→ **Try it**: Would you return the lines that run from the start of the data below to the line with "Summer lifestyle portrait", both included, exactly as written and without pictures?

Image-text web data

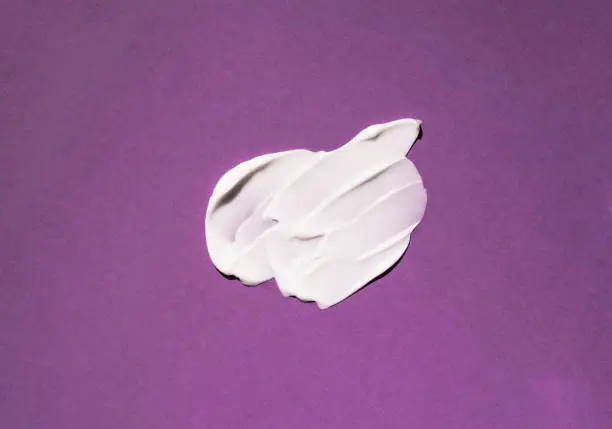 Photo of Swatch of a white cosmetic product on a purple background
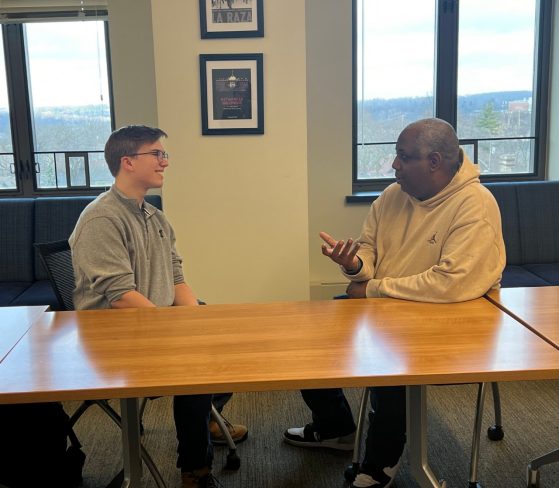 Two men talking at a table. 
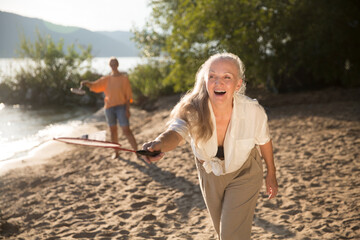 Summer lifestyle portrait senior woman with gray hair playing badminton, having fun in the seashore on sunny summer day.  Enjoying the little things. spends time in nature in summer.  women's friends
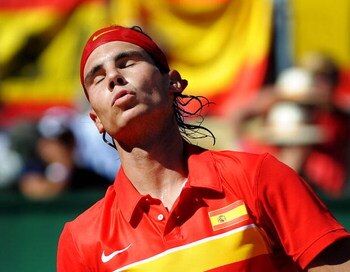 BENIDORM, SPAIN - MARCH 08:  Rafael Nadal of Spain reacts during his match against Novak Djokovic of Serbia on day two of the Davis Cup World Group first round tie between Spain and Serbia at the Parque Tematico Terra Mitica on March 8, 2009 in Benidorm, 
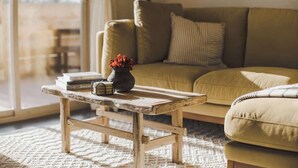 A cozy living room with a wooden coffee table, a sofa, and a window with a view.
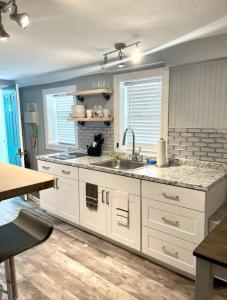 Una cocina con gabinetes blancos y un fregadero. en 1 Bedroom, steps to the Beach, en Old Orchard Beach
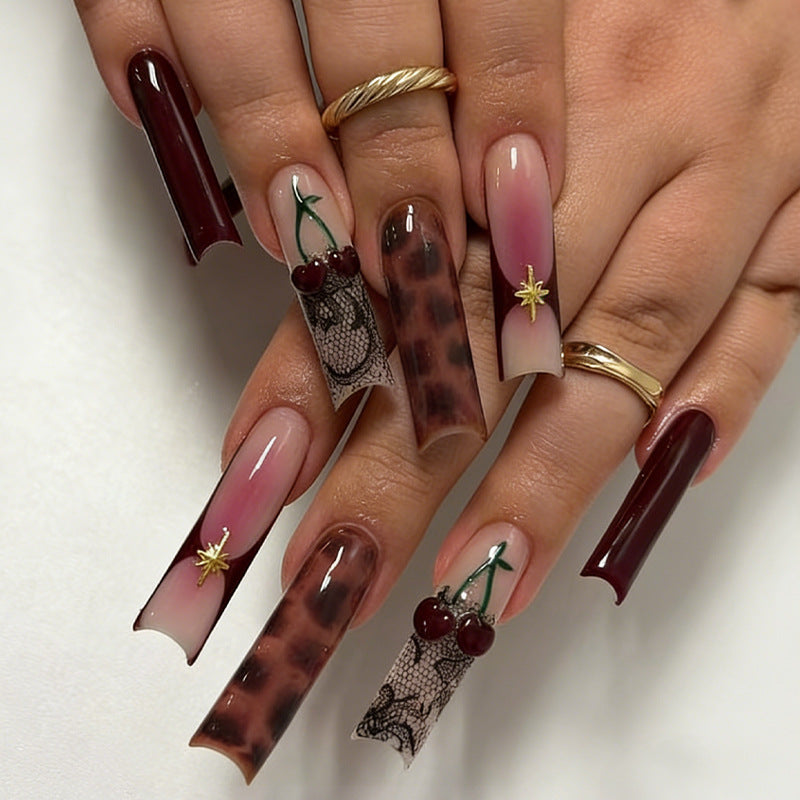 Artificial nail set with creative designs and glitter Stornfield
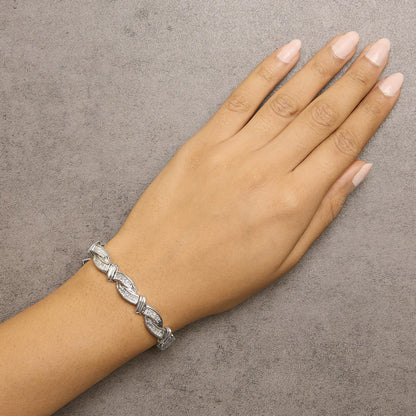 White metal bracelet with linked curved segments accented with white gemstones in invisible setting, shown on a model's wrist from a top angle.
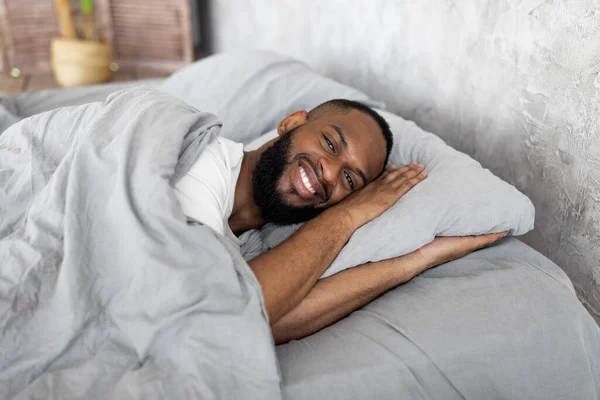 Νεαρός Αφροαμερικανός ξαπλωμένος στο κρεβάτι κοιτάζοντας την κάμερα — Φωτογραφία Αρχείου
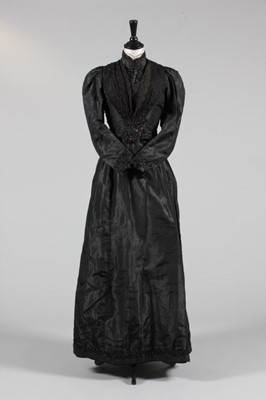 Lot 127 - A black silk taffeta gown, late 1890s, with...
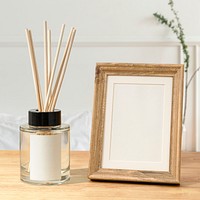 Blank decorative picture frame on wooden table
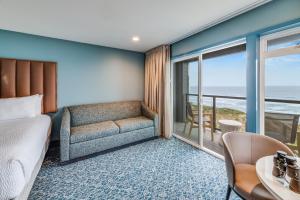 a bedroom with a bed and a couch and a balcony at The Whaler in Newport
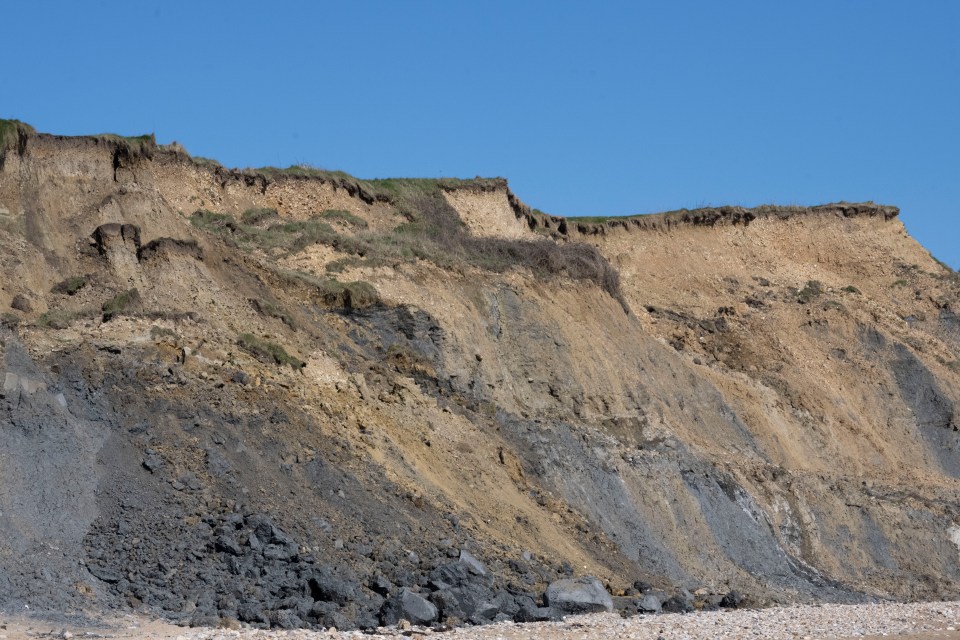Rockfall debris at the base of a cliff.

→ **Response to this exercise**:
 Photo of Swatch of a white cosmetic product on a purple background
 Two men talking at a table. 
 Summer lifestyle portrait senior woman with gray hair playing badminton, having fun in the seashore on sunny summer day.  Enjoying the little things. spends time in nature in summer.  women's friends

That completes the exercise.